The main novelty of the present work, with respect to the existing literature, lies in the implementation of a modified heat exchange model, in the numerical simulation, that allowed us to take into account the effects of the thinner thermal boundary layer in hydrogen combustion, compared to traditional fuels, which in turn produces higher heat exchanges.
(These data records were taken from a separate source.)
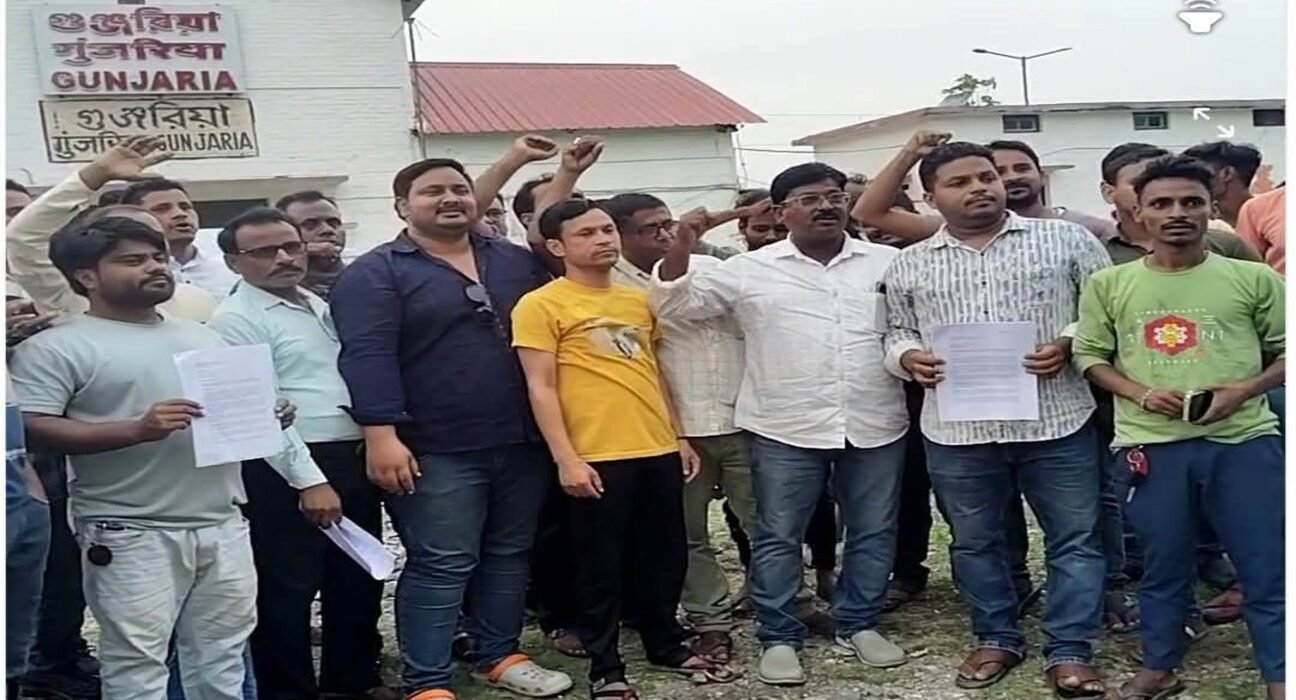 گنجریا تا گاجول نئی ریلوے لائن کا مطالبہ زور پکڑنے لگا 5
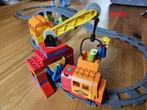 Grote hoeveelheid Duplo trein, 3 sets bij elkaar, Kinderen en Baby's, Speelgoed | Duplo en Lego, Ophalen of Verzenden, Gebruikt
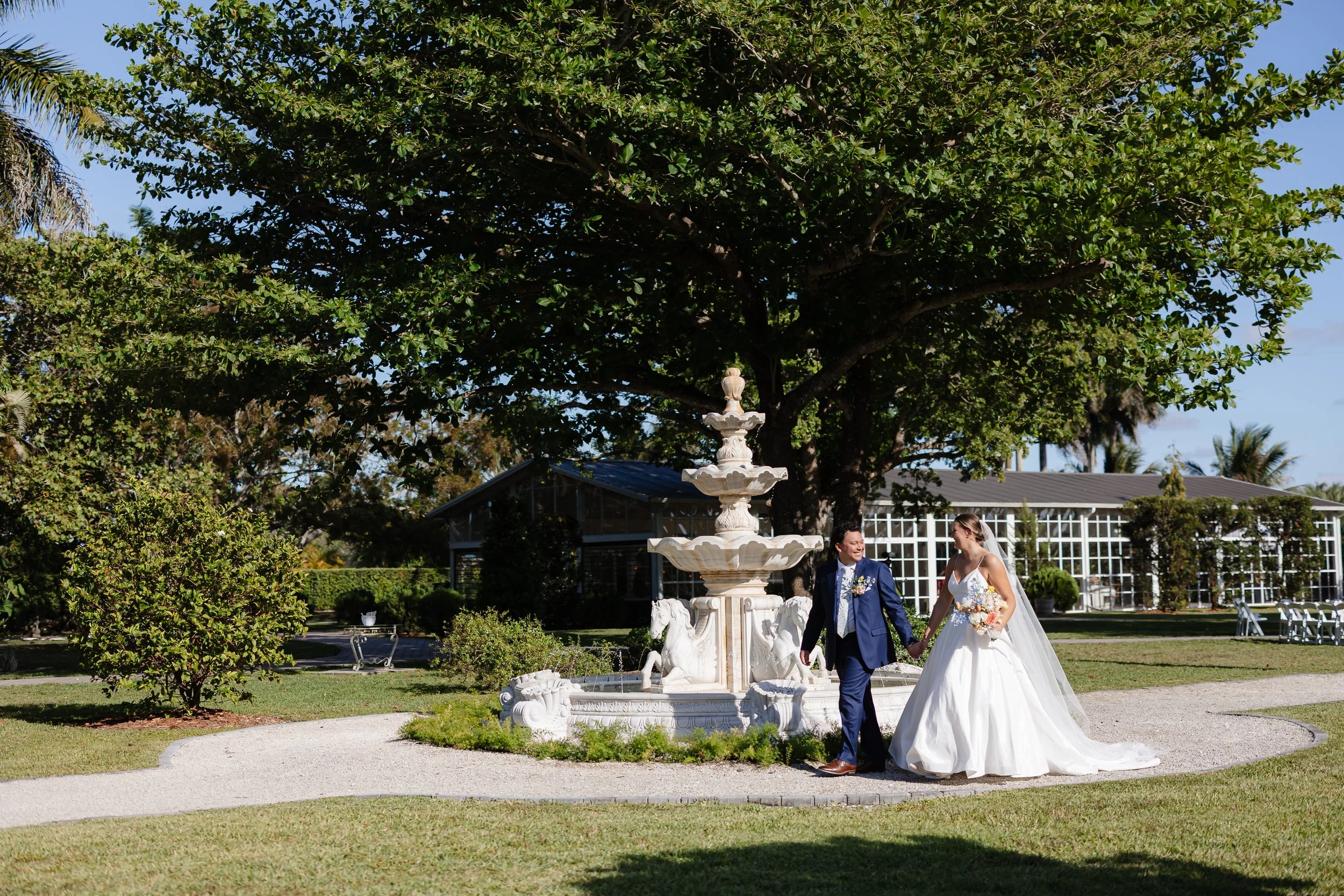 Miami Wedding Florist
In the following paragraph, there is a description of the experimental setup and test execution.

2. Experimental Setup

The engine utilized in the present study was a standard CFR engine [25] employed for determining the octane rating of liquid fuels. As the engine configuration and measurement apparatus have been extensively detailed in prior publications of the same authors [26,27,28], only a short overview will be provided in this paragraph. The CFR engine is a single-cylinder, two-valve, variable-compression-ratio (CR), four-stroke SI engine. Its primary characteristics are outlined in

Table 2. CFR main parameters.

Parameter	Value
Inlet mixture temperature	Can be varied
Compression ratio	From 4.5 to 16
Spark advance	Can be varied
Stroke	114.3 (mm)
Bore	82.6 (mm)
Displacement	611.2 (cm3)
Connecting rod length	254.0 (mm)
Speed	900 (rpm)

.

The engine’s CR can be modified across a large range by shifting the cylinder head. To enable control over the quantity of injected gaseous fuel or gasoline and to produce air/fuel mixtures with several ratios, the original engine was adapted by integrating two distinct electronic injection systems (illustrated in Figure 1).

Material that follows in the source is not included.